Study quality assessment
The 9-star Newcastle–Ottawa Scale tool was used to assess study quality.30 The quality of each cohort study was judged on three broad categories—namely, selection of the study population, comparability of groups and ascertainment of either the exposure or outcome of interest.
Statistical analysis
In the meta-analysis, the RR estimate was used to measure the association between coffee consumption and the risk of prostate cancer in this meta-analysis. We pooled the study-specific RR estimates for the highest versus the lowest category of coffee consumption.
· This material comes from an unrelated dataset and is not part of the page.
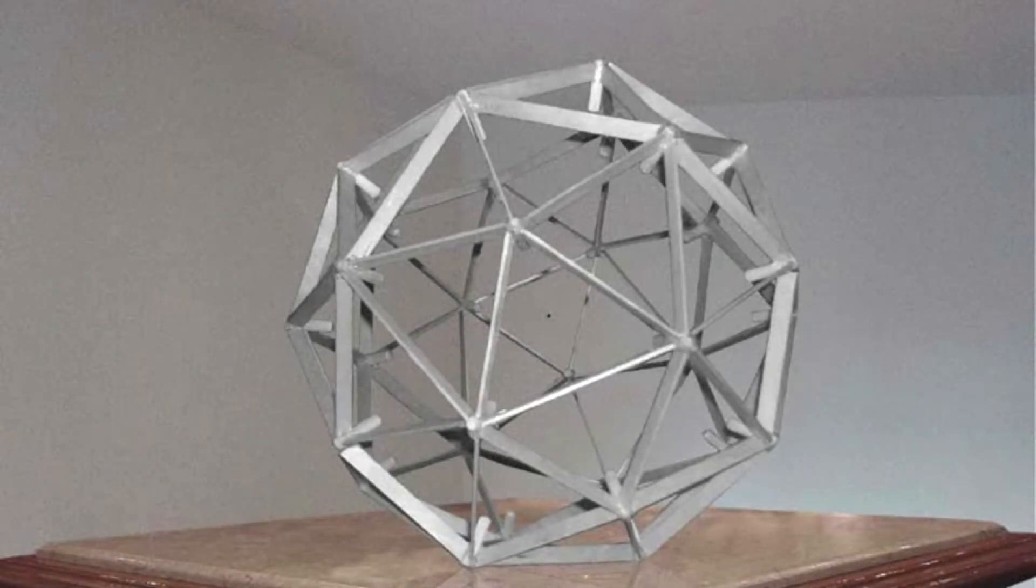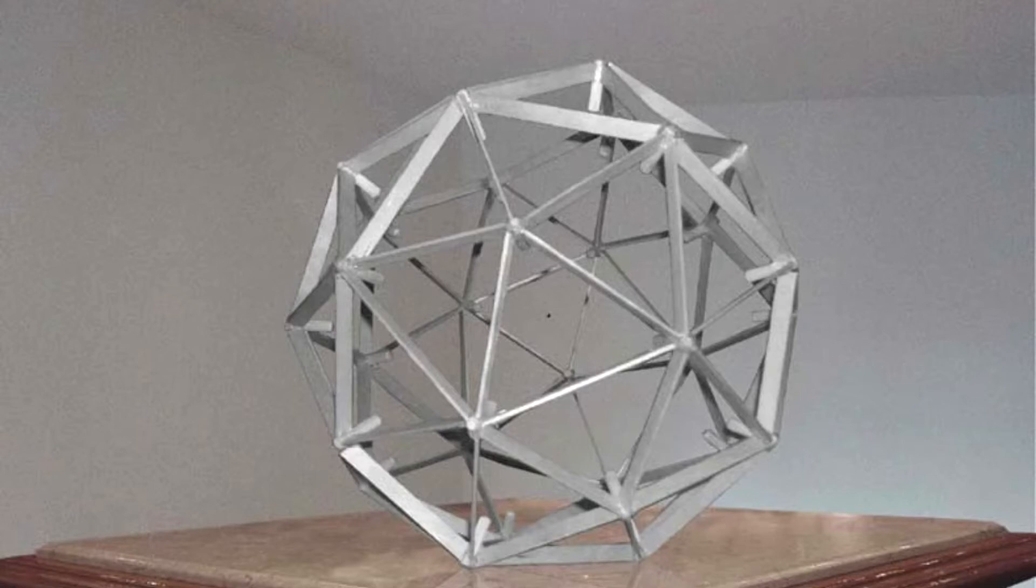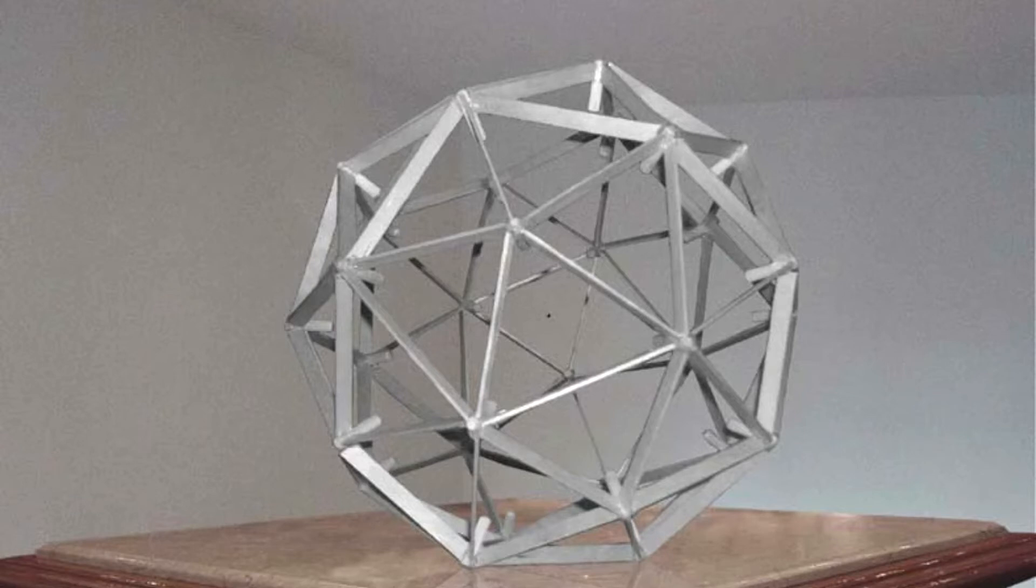SCP-123, Object Class Euclid. Object is a gray geodesic sphere 65 centimeters in diameter consisting of 60 triangles. The areas between these triangles are empty, allowing the center of the sphere to be seen. The material the sphere is composed of is unknown.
A fixed effects model was used to pool the study-specific estimates; whenever significant heterogeneity was detected, the random effect model was used to address the heterogeneity across studies.31 Subgroup analyses were conducted stratified by study location, prostate cancer stage and potential confounder adjustments including a history of prostate-specific antigen (PSA) testing, a family history of prostate cancer, total energy intake, cigarette smoking, alcohol consumption, physical activity, body mass index (BMI) or history of diabetes. Since PSA testing was generally introduced after 1986,32 studies with follow-up periods that ended before 1986 were classified in the PSA-adjusted group. To explore the influence of each study on the pooled results, sensitivity analyses were also performed by excluding one study at a time and then repeating the meta-analysed approach.
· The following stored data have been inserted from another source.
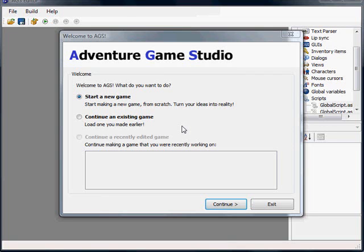Hi folks. Welcome to the AGS tutorial. In this video we'll be talking about creating a new game and creating a character for that game. Along the way we'll touch on views and sprites.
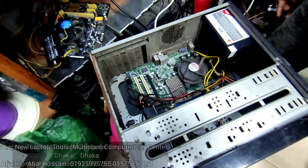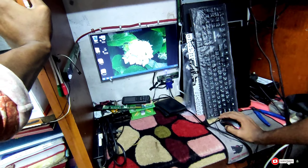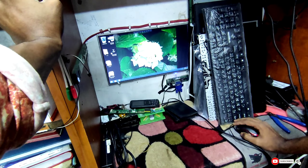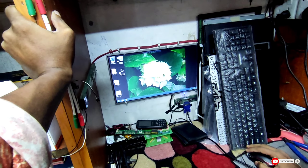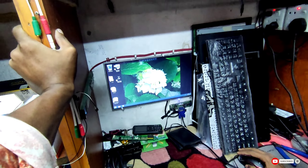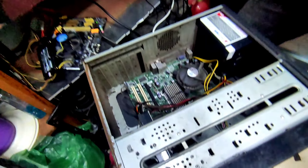This is the Intel board, so the display is not found and the keyboard is not found. This is the DG-41 board, DG-3 and DG-2.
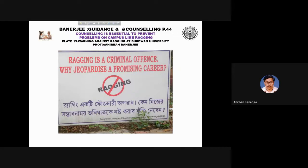Counselling is essential to prevent problems on campus like ragging. This is a warning against ragging at Bardhaman University.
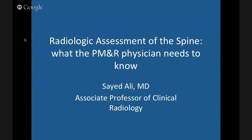Hi guys, this is Dr. Ali, one of the MSK radiologists at Temple, who's coming in here to talk to us about a couple of topics. First off being the radiologic assessment of the spine, and the second topic is imaging on repetitive strain injuries. We appreciate his time, so thanks for coming to lecture us.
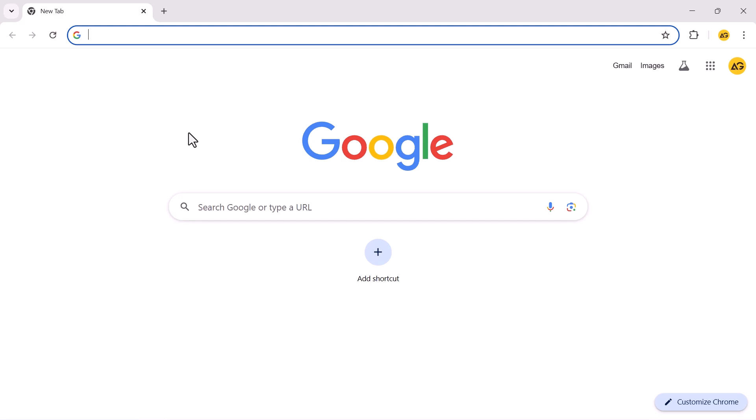In this video, I will show you how to fix Google Chrome ERR Quick Protocol Error. To begin, open the Google Chrome browser on your computer.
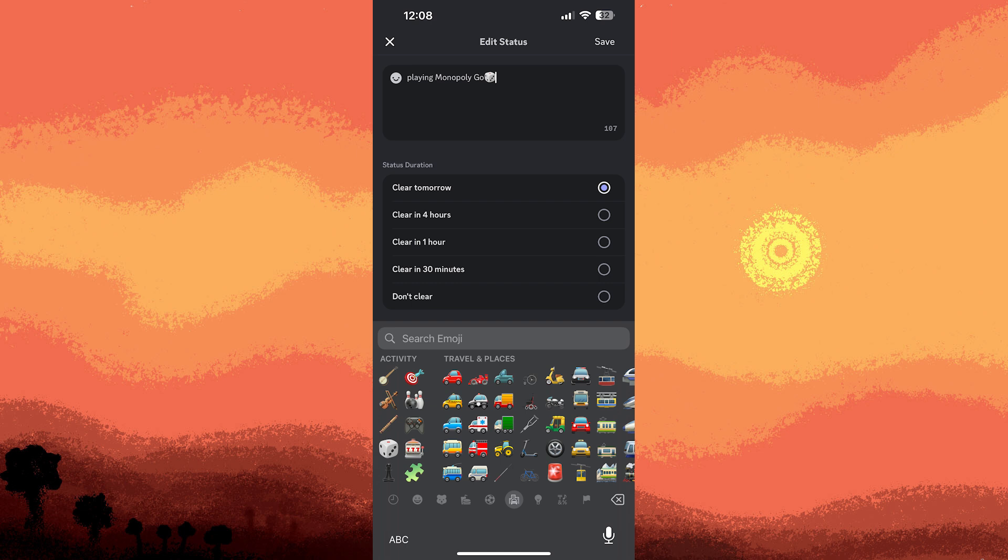Choose how long you want the status to last. For example, don't clear, clear after 4 hours, clear after 1 day.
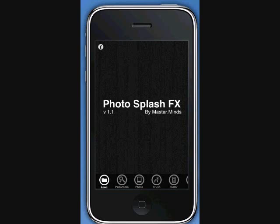Upon entering this app, you are required to load an image. You are given the option to take a picture right then, load an image previously saved in the library, or load the last image saved on the pasteboard. Let's use the pasteboard option.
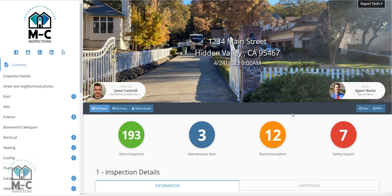Hi, this is Matt Cantrell with MC Inspections on how realtors can use the Spectorra report to easily transfer observations from the inspection report to the disclosure forms or to any other forms using cut and paste in 90 seconds or less.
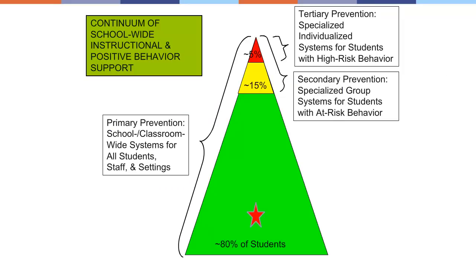Before we jump into school-wide expectations, let's revisit our three-tier model of intervention. On this screen is the infamous pyramid I'm sure we've all seen. The green section of this pyramid means that about 80% of our students should respond to a Tier 1 intervention. Tier 1 interventions include the development of school-wide expectations, reinforcement systems, and use of data.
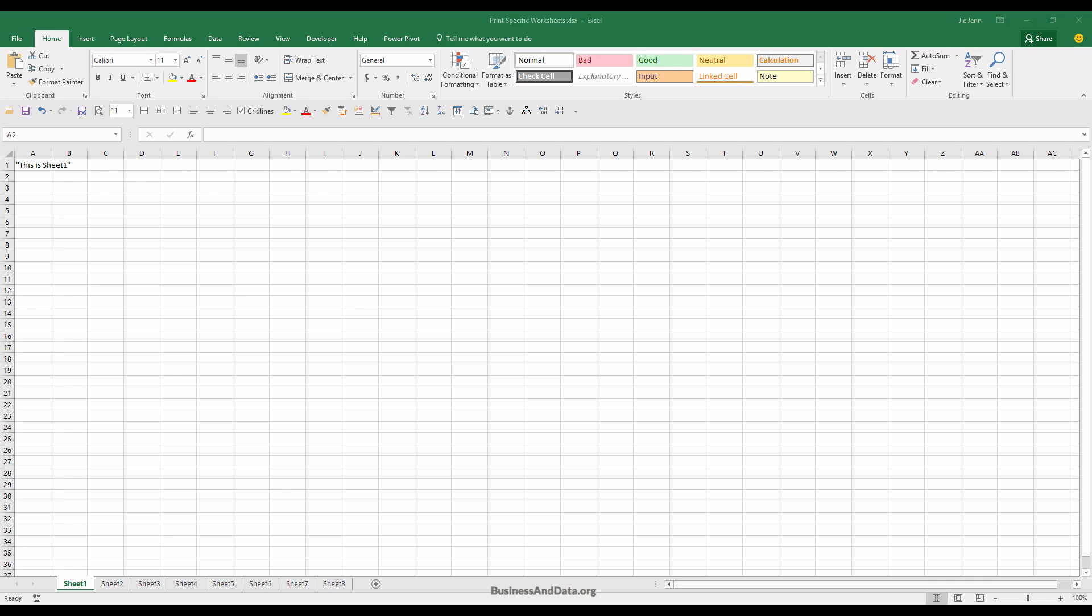Hello, my name is Jay. In this video I'm going to show you how to write a macro to print specific worksheets in Excel. I have an Excel spreadsheet with 80 different worksheets.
We further examined the potential dose–response relationship between coffee consumption and the risk of prostate cancer. When the mean coffee intakes in each category were not reported, the midpoint values in each category were used instead; when the upper boundary of the highest intake category was not presented, we calculated the midpoint value assuming that the highest category had the same magnitude of intake as the preceding category.33 34 The pooled RR for each increment of one cup of coffee per day was estimated using the method proposed by Orsini and Greenland.35 We examined a potential non-linear relation between coffee consumption and prostate cancer risk by modelling coffee consumption using restricted cubic splines for non-linear trends with 4 knots at fixed percentiles (5%, 35%, 65% and 95%) of the distribution.36 Non-linearity of the association was explored by testing the null hypothesis that the coefficients of the second and third splines were equal to zero.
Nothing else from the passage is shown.